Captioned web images
_ _ _
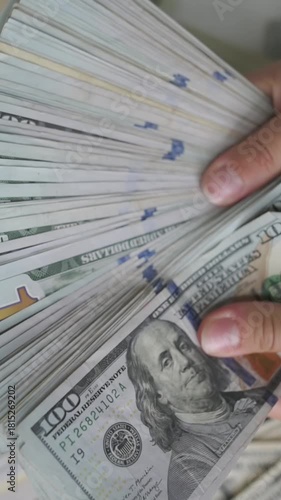 vertical screen closeup hands fanning hundred-dollar bills, large stacks on table, neat bundles and mixed denominations, bright studio light, careful counting by small business owner, upbeat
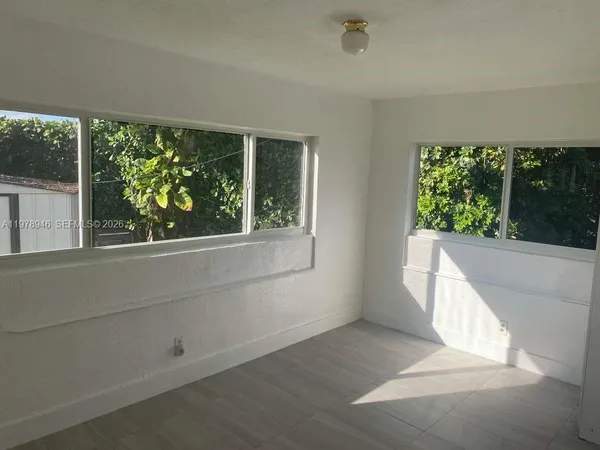 a room with a window and a projector screen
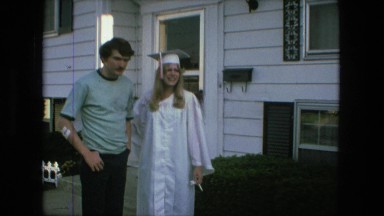 1974: high school graduation day daughter dad outside family bungalow home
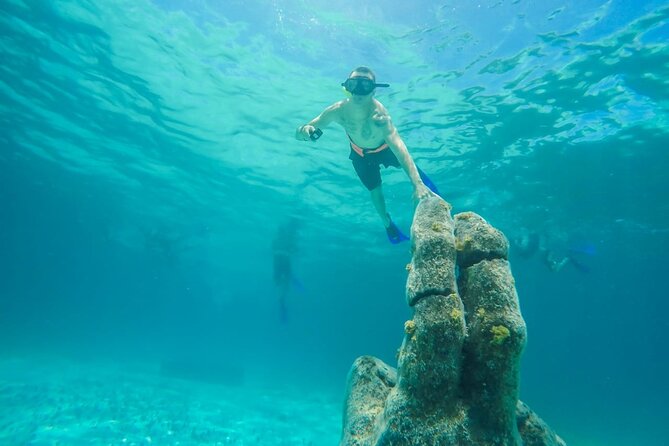 Isla Mujeres Catamaran Luxury Sailing Experience from Puerto Morelos - Stop 4: Isla Mujeres downtown on Calle Hidalgo for food and souvenirs
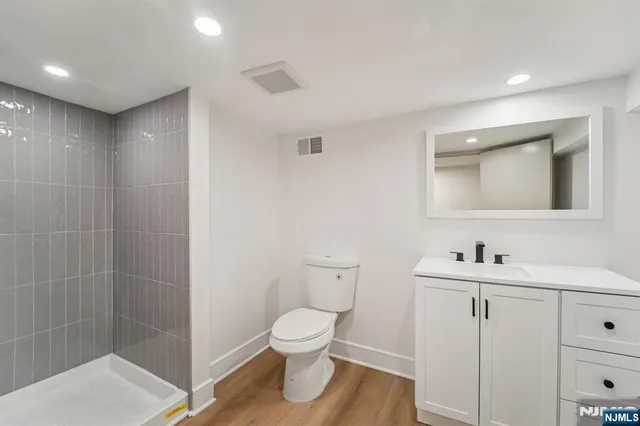 a bathroom with a toilet sink and mirror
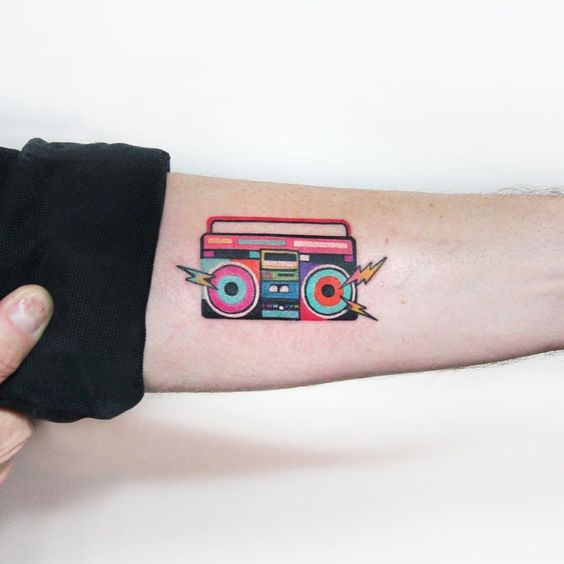 Tattoo a cassette tape on the forearm for men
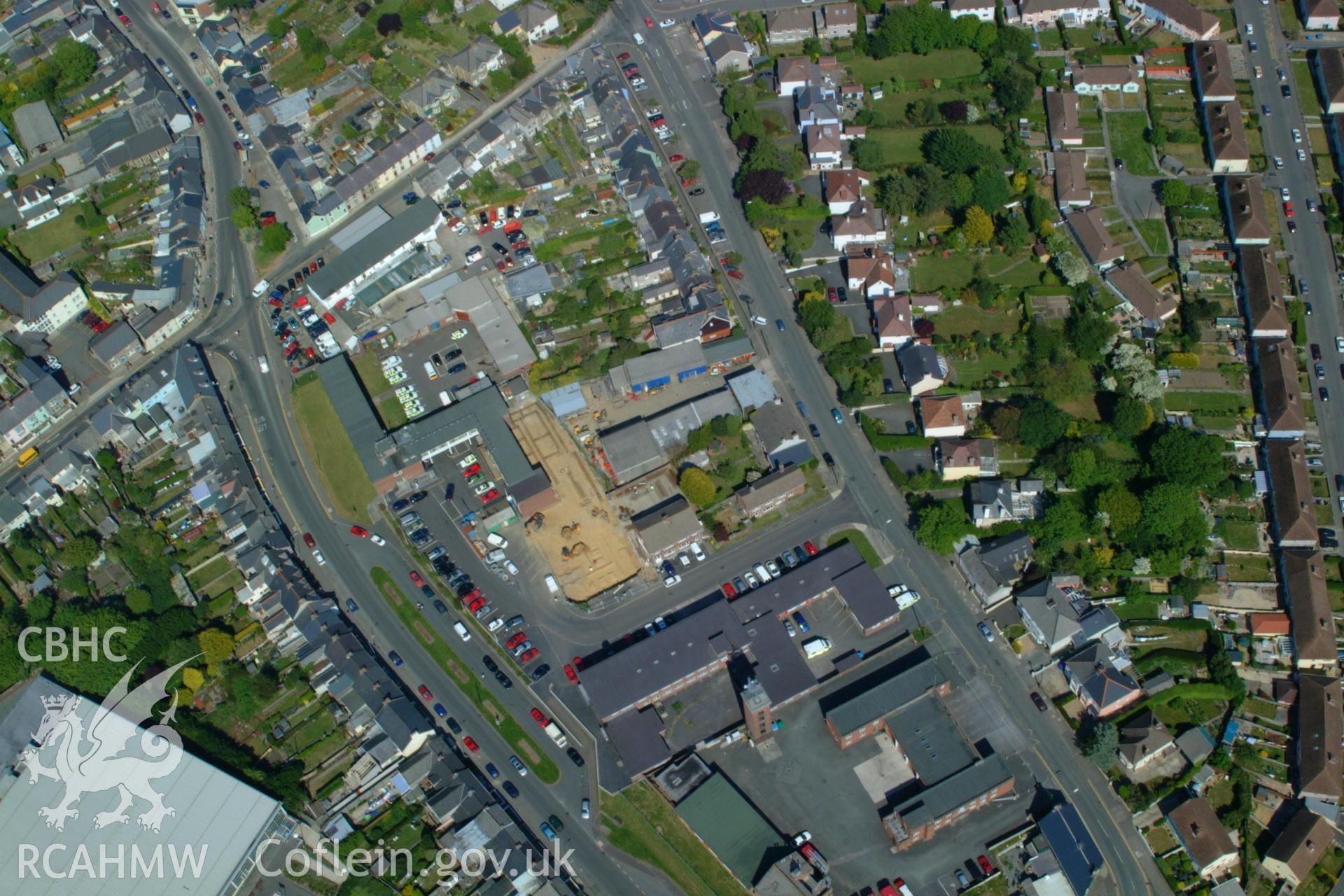 RCAHMW colour oblique aerial photograph of Haverfordwest showing excavations at Merlin's Hill. Taken on 24 May 2004 by Toby Driver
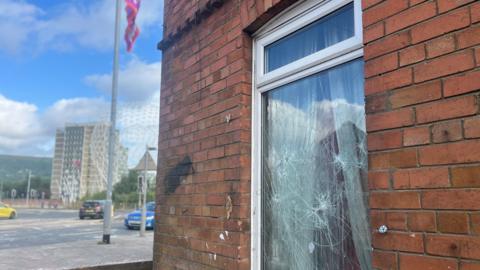 Smashed window on a red brick building, roundabout and tow block in the background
_ _ _
The copy must begin at the line containing "Tattoo a cassette" and end at the last line of the data above, with every line retyped exactly and no pictures included.

▸ Answer for the task
 Tattoo a cassette tape on the forearm for men
 RCAHMW colour oblique aerial photograph of Haverfordwest showing excavations at Merlin's Hill. Taken on 24 May 2004 by Toby Driver
 Smashed window on a red brick building, roundabout and tow block in the background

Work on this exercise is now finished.